L’utilisation inflationniste de l’accusation d’antisémitisme n’existe pas qu’à droite, c’est aussi un phénomène qu’on trouve au sein de votre parti.
J’ai du lire et relire avant de croire ce que Georg Gysi4 a dit dans une interview du 17 juin 2011 au journal Neuen Deutschland: «Si aujourd’hui, en tant qu’Allemand de gauche, on accepte que les Allemands aient un Etat dans lequel ils sont majoritaires, je trouve inacceptable de devoir dire en même temps aux juifs qu’ils auraient uniquement le droit de vivre dans un Etat dans lequel ils seraient minoritaires.» Il faut lire cette phrase attentivement. Vu que Gysi met en parallèle «Allemands» et «juifs», il ne parle pas de ressortissants d’un Etat mais «d’appartenance à un peuple»; les migrants en Allemagne seront ravis d’apprendre qu’ils n’ont pas le droit de devenir majoritaire. Comment Gysi veut-il y parvenir? Par le contrôle des naissances, ou comment, alors? En Israël, 20% environ de la population ne sont pas d’origine juive, il faudrait qu’ils fassent attention à ne pas avoir trop d’enfants.
Cette argumentation völkisch est empruntée à la droite. La gauche ne doit pas s’étonner si des gens qui ont ce genre de convictions préfèrent se tourner directement vers l’original.
Peut-être que Gysi plaidait ici contre l’idée d’un Etat binational?
Dans ce cas, il faudrait se confronter plus sérieusement à l’Histoire. Il y a longtemps déjà, des sionistes de gauche tels que Martin Buber ou des communistes juifs proposaient un seul Etat sur le territoire de l’ancienne Palestine, dans lequel des Palestiniens et des gens d’origine juive pourraient cohabiter avec les mêmes droits, indépendamment de leur religion. La séparation en deux Etats renforcerait les tendances völkisch dans les deux espaces.

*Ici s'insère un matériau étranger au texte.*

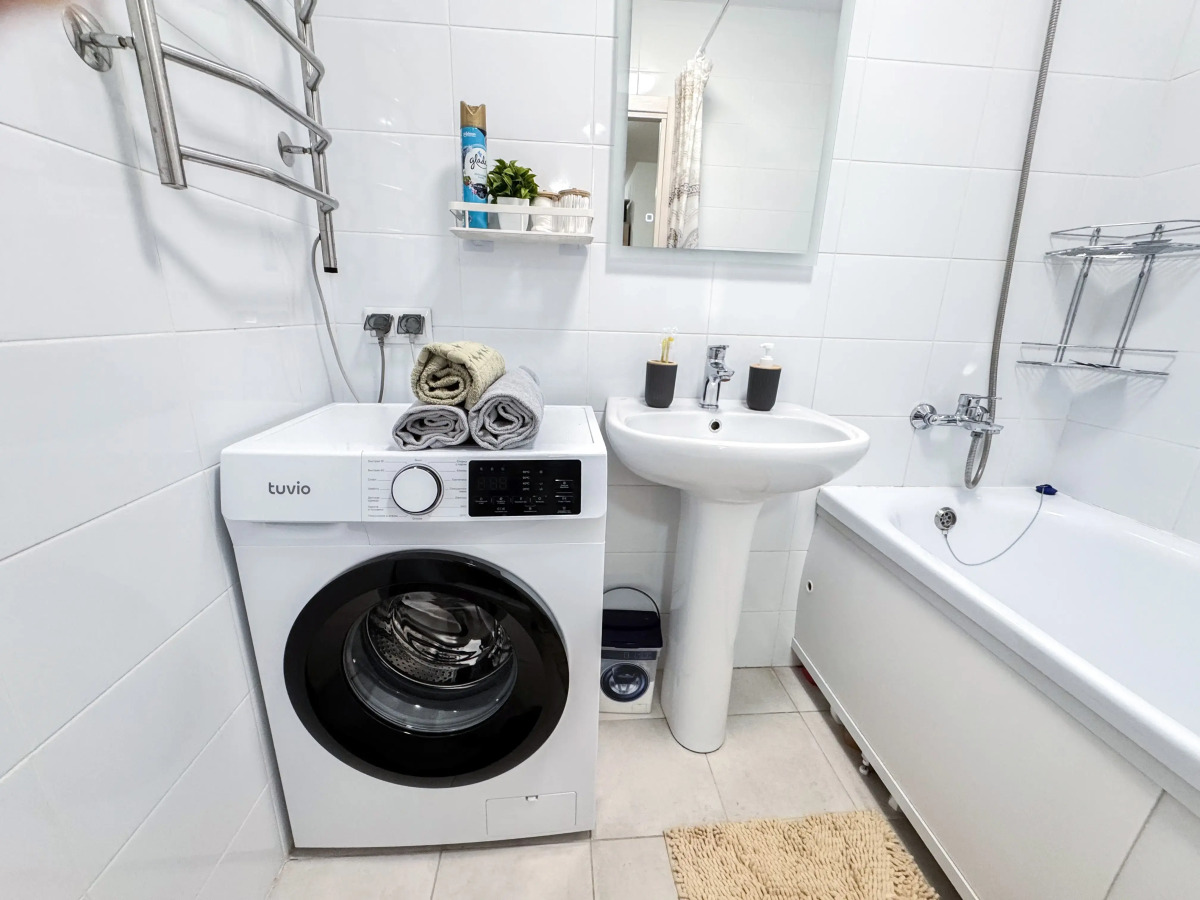 Квартира Вместительная у МРНЦ им. Цыба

L’expérience du nazisme devrait nous pousser à refuser toute solution völkisch, et nous voilà revenus au début de l’entretien: pourquoi les néonazis ont-ils un tel succès?

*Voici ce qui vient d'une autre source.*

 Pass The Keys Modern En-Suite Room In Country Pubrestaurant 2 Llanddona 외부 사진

- Un des grands slogans nazis, le capital qui travaille étant représenté par l’ouvrier allemand, le capital qui spécule par le banquier juif.
- Le mouvement völkisch est un courant intellectuel et politique apparu en Allemagne à la fin du XIXème siècle pour désigner un conglomérat de personnalités et de libres associations qui ont en commun le projet de donner à l’ensemble des Allemands une spiritualité païenne. Pour les uns, le courant völkisch découle d’une vocation raciste, liée aux apports de la biologie et du «darwinisme social», pour d’autres, il représente un courant foncièrement antisémite.
- Système de détection et de commandement aéroporté (SDCA).
- Chef de la fraction parlementaire du parti de gauche «Die Linke».